Depuis le déclenchement de la guerre, la Pologne est à la pointe du combat pour que les Occidentaux fournissent à l’Ukraine le maximum d’aide militaire. C’est par ses interventions que les hésitations à donner des chars de combat à Kiev ont été abandonnées. Elle a elle-même accueilli 1,5 millions de réfugiés ukrainiens sur son territoire.
Dans le contexte de la guerre, le gouvernement polonais a également annoncé sa volonté d’augmenter les effectifs de son armée pour parvenir à 300 000 hommes et de consacrer 4 % de son PIB à la défense, bien au-delà de l’objectif des 2 % décidé par l’OTAN. La Pologne vient de signer un contrat pharaonique avec la Corée du Sud, prévoyant la livraison de mille chars d’assaut, de 48 avions de chasse et de multiples autres fournitures pour un montant de 14 milliards de dollars. Elle a également commandé depuis le déclenchement de la guerre 366 chars Abrams aux États-Unis qui viendront s’ajouter au 32 F35 et aux 96 hélicoptères Apache déjà commandés. Les hélicoptères achetés aux États-Unis l’ont été après l’annulation d’une commande d’hélicoptères français. La Pologne devrait enfin passer une nouvelle commande pour un montant de 10 milliards de lance-roquettes et de plusieurs matériels militaires aux États-Unis.

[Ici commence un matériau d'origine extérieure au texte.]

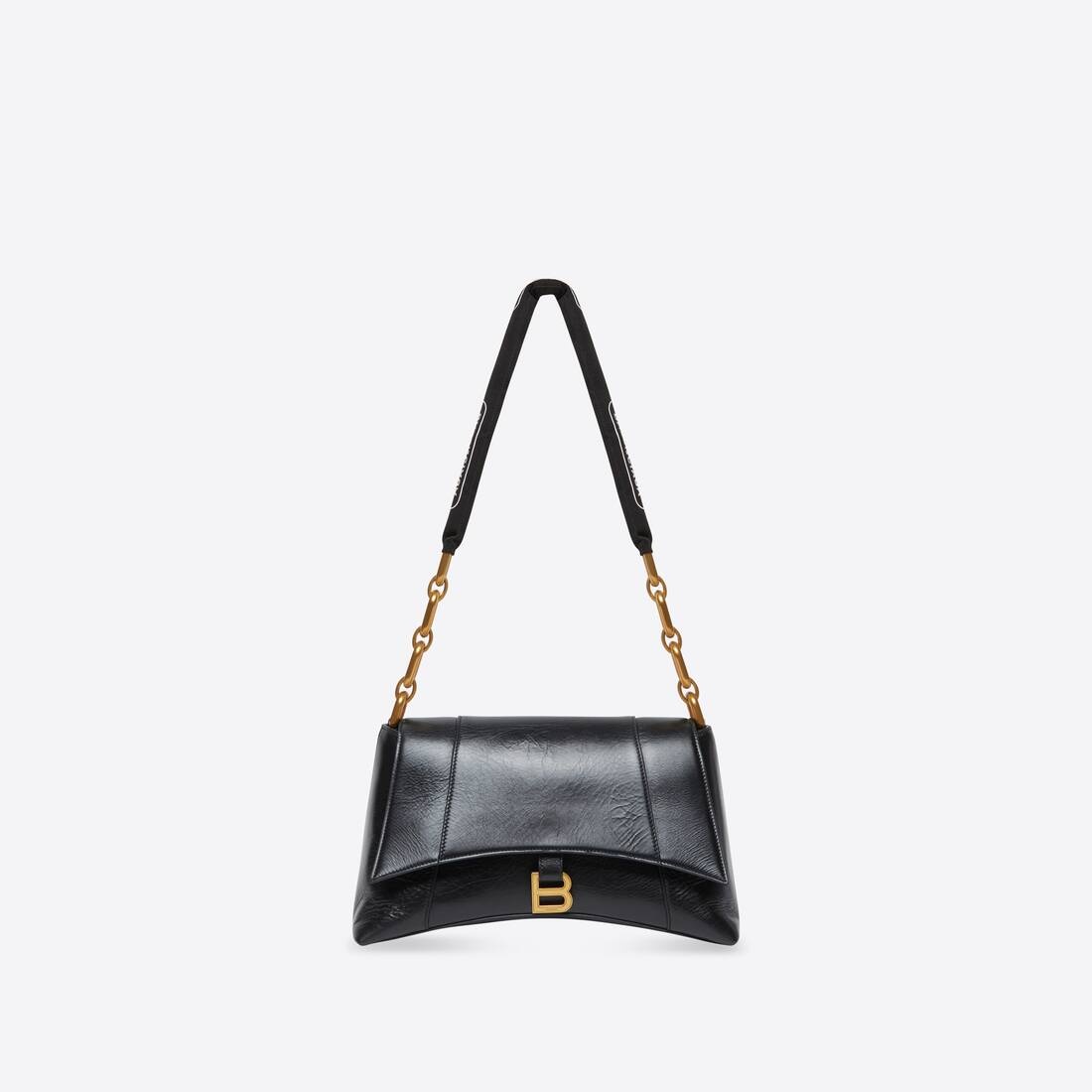 Women's Downtown Medium Shoulder Bag With Chain in Black - 1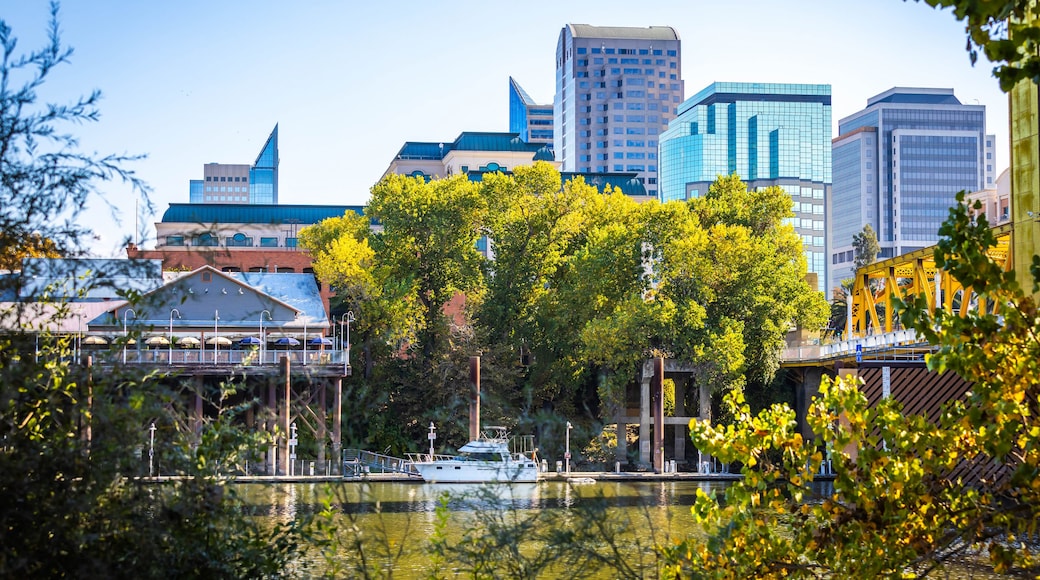 Sacramento Modern Skyscrapers on Sunny Day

Tout ceci doit-il faire de la Pologne un pays leader sur les questions stratégiques en Europe ? On peut en douter. Tout d’abord, on constate qu’elle achète quasi systématiquement en-dehors de l’Europe ses équipements militaires. Le parti au pouvoir entretient des relations détestables avec l’Allemagne, n’hésitant pas à rallumer des questions mémorielles. Son accueil des réfugiés ukrainiens doit rappeler son intransigeance à l’égard de tous les autres réfugiés non européens ce qui, au moment où on déplore un élargissement du fossé The West versus the rest, est plus que problématique. Son activisme pour faire rentrer l’Ukraine dans l’Union européenne ne doit pas occulter les difficultés que la Pologne a elle-même avec la Commission du fait d’une violation répétée des principes européens. Aura-t-elle par ailleurs les moyens d’entretenir l’immense parc militaire dont elle est en train de se doter ? A-t-elle été presciente sur la Russie ou n’a-t-elle pas au contraire contribué par son hostilité viscérale à couper la Russie de l’Europe ? Peut-on faire confiance à un pays dont le Premier ministre propose de démembrer la Russie et dont l’ambassadeur en France propose de s’engager plus directement si l’Ukraine ne parvient pas à restaurer sa souveraineté ? La haine de la Russie, la soumission vis à vis des États-Unis, l’absence de solidarité européenne et le rejet de ses valeurs ne peuvent faire de la Pologne un champion européen.
Pour les relations de l’Union européenne avec le reste du monde, la Pologne est plus un problème qu’une solution. La présenter comme un champion stratégique de l’UE est simplement contraire aux intérêts de l’Europe.